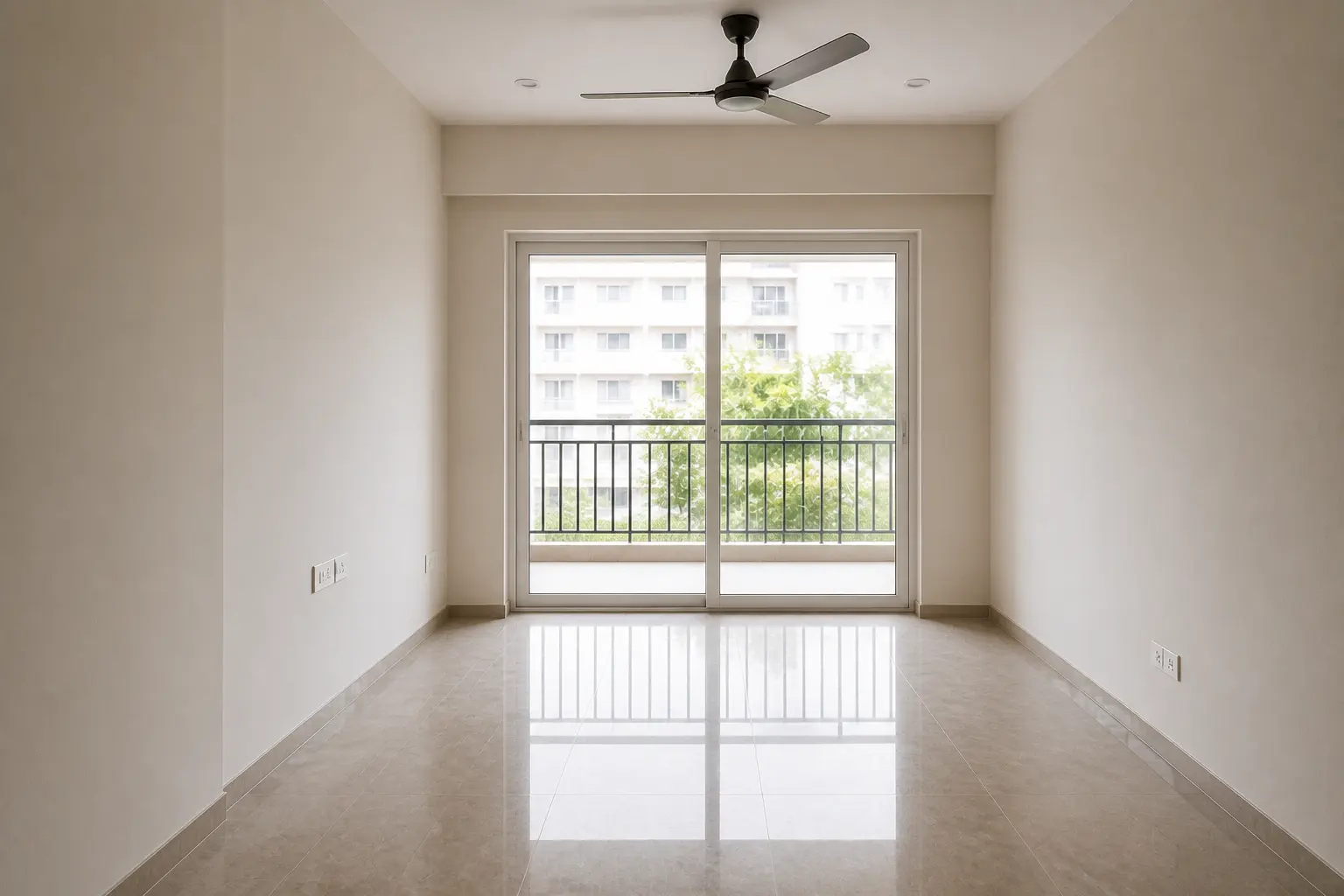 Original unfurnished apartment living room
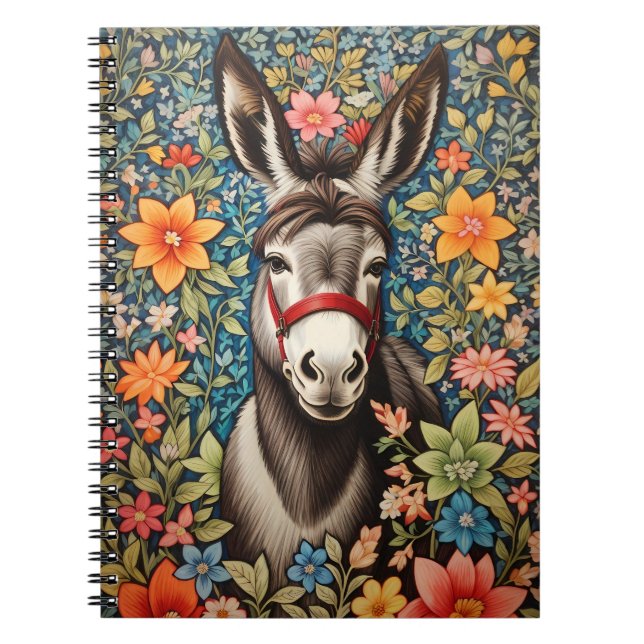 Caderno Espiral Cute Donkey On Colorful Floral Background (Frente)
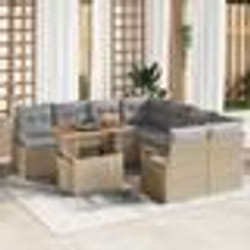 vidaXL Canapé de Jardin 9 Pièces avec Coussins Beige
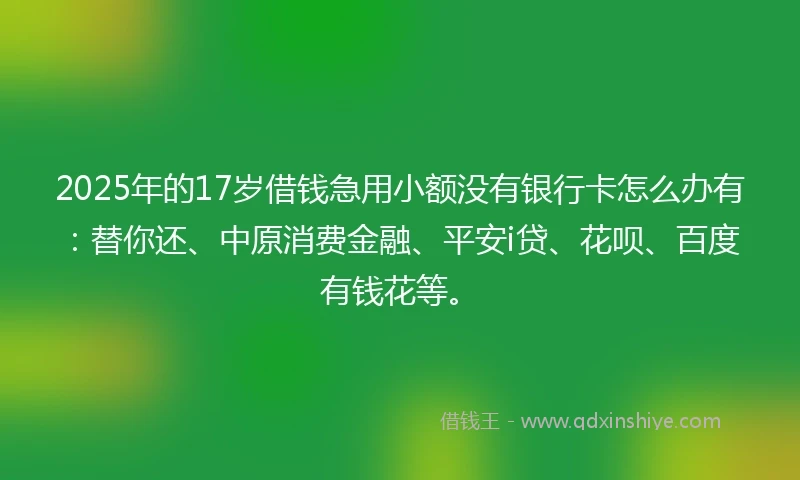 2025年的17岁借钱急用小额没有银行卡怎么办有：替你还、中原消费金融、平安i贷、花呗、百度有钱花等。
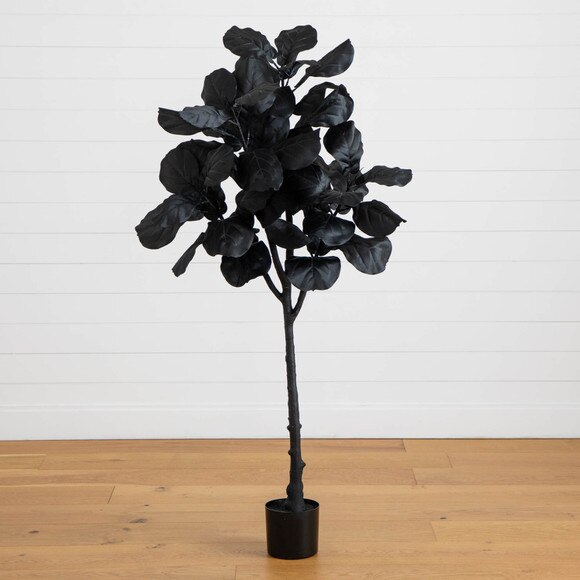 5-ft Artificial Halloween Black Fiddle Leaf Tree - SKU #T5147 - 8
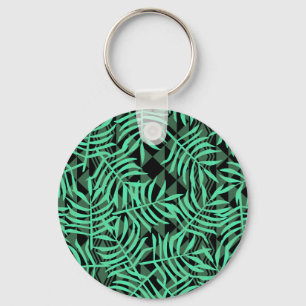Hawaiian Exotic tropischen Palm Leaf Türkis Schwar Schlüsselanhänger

##########

## PROBLEM DETAILS
Transcribe word for word only the lines from the one with "Caderno Espiral Cute" through the end of the listing; every picture is to be omitted.

## ANSWER BELOW
 Caderno Espiral Cute Donkey On Colorful Floral Background (Frente)
 vidaXL Canapé de Jardin 9 Pièces avec Coussins Beige
 2025年的17岁借钱急用小额没有银行卡怎么办有：替你还、中原消费金融、平安i贷、花呗、百度有钱花等。
 5-ft Artificial Halloween Black Fiddle Leaf Tree - SKU #T5147 - 8
Hawaiian Exotic tropischen Palm Leaf Türkis Schwar Schlüsselanhänger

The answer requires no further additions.